Yes - I have used the Netgear XE102 to connect both a 622 and a 722 to my router. You don't need the XE102G package which comes with two units - you only need one XE102 at your router. There is a nice utility that will run on a PC connected to the same router and show the HomePlug network as shown. Notice that one of my receivers is farther from the XE102 than the other and has a lower bit rate but both rates are faster than my DSL. The utility says it is for firmware upgrade and encryption setup. My XE102 did not need an upgrade but the utility is also useful for checking the network. I purchased the XE102 on ebay for $20 plus shipping.

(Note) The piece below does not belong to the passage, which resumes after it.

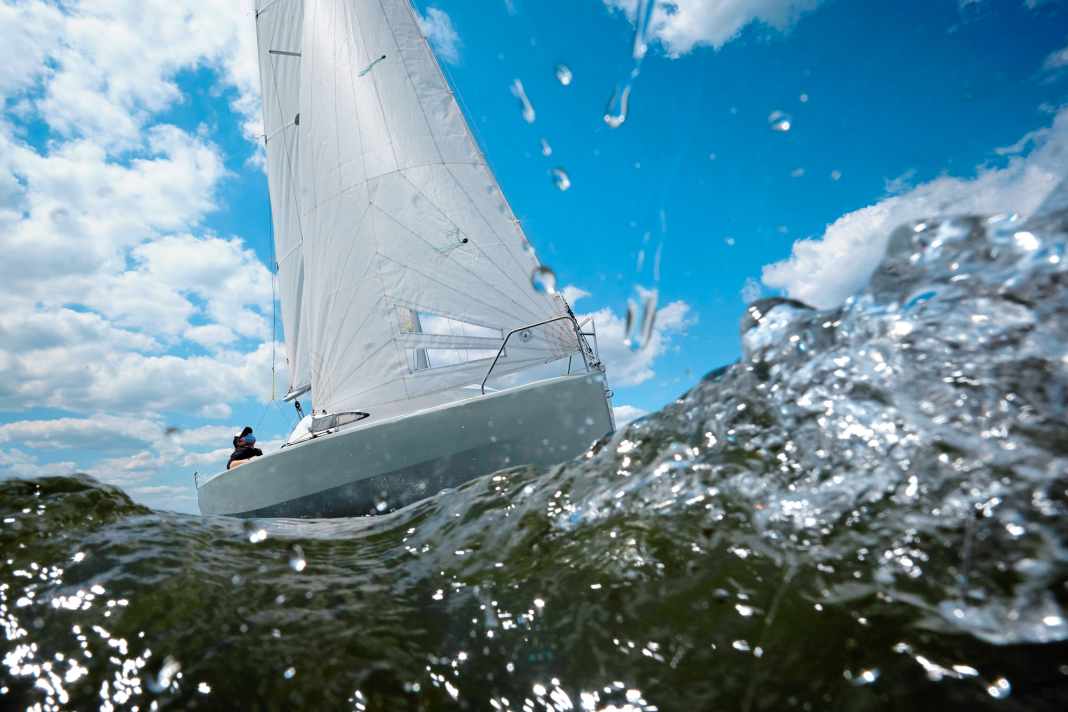 Un day-sailer sportif qui apporte une dose quotidienne de plaisir à la voile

http://kbserver.netgear.com/release_notes/d103141.asp


----------



## igleaner (Aug 22, 2002)

When you do connect the 722 to your router via an Ethernet connection, can you access digital photos on your PC for viewing on the TV?


----------



## ChuckA (Feb 7, 2006)

igleaner said:


> When you do connect the 722 to your router via an Ethernet connection, can you access digital photos on your PC for viewing on the TV?


No.


----------



## bobbyc03 (Jul 21, 2005)

bobbyc03 said:


> I just had to email dish, I can't get an IP address on my 622 and I've tried everything possible including different routers and ethernet cables. I get lights on the router and 622 eth port, but no IP. Done everything possible in the menu, and hard and soft resets of the 622.
> 
> It's a rev B mainboard, and L4.47 fw.
> 
> ...


Dish just sent me a generic email with the url to the tech portal regarding dishonline.

Do you have to sign up for the service before the receiver will get an IP from the router over the ethernet port? If so, that's my problem.

If not, I have to either get another receiver, or use homeplug instead of ethernet.
Bob C


----------



## ChuckA (Feb 7, 2006)

If you do networking for a living I assume you have already checked this, but just to cover the bases...Do you have an enabled DHCP server, with available free addresses, in the router or somewhere in your network? Does your router block unknown mac addresses? Can your router software "see" the mac address of the 622? 

You do not have to sign up for any special service to use the Ethernet connection, which is what I assume you are asking. If your receiver is not activated by Dishnetwork I'm not sure if it would try and get an IP address or not.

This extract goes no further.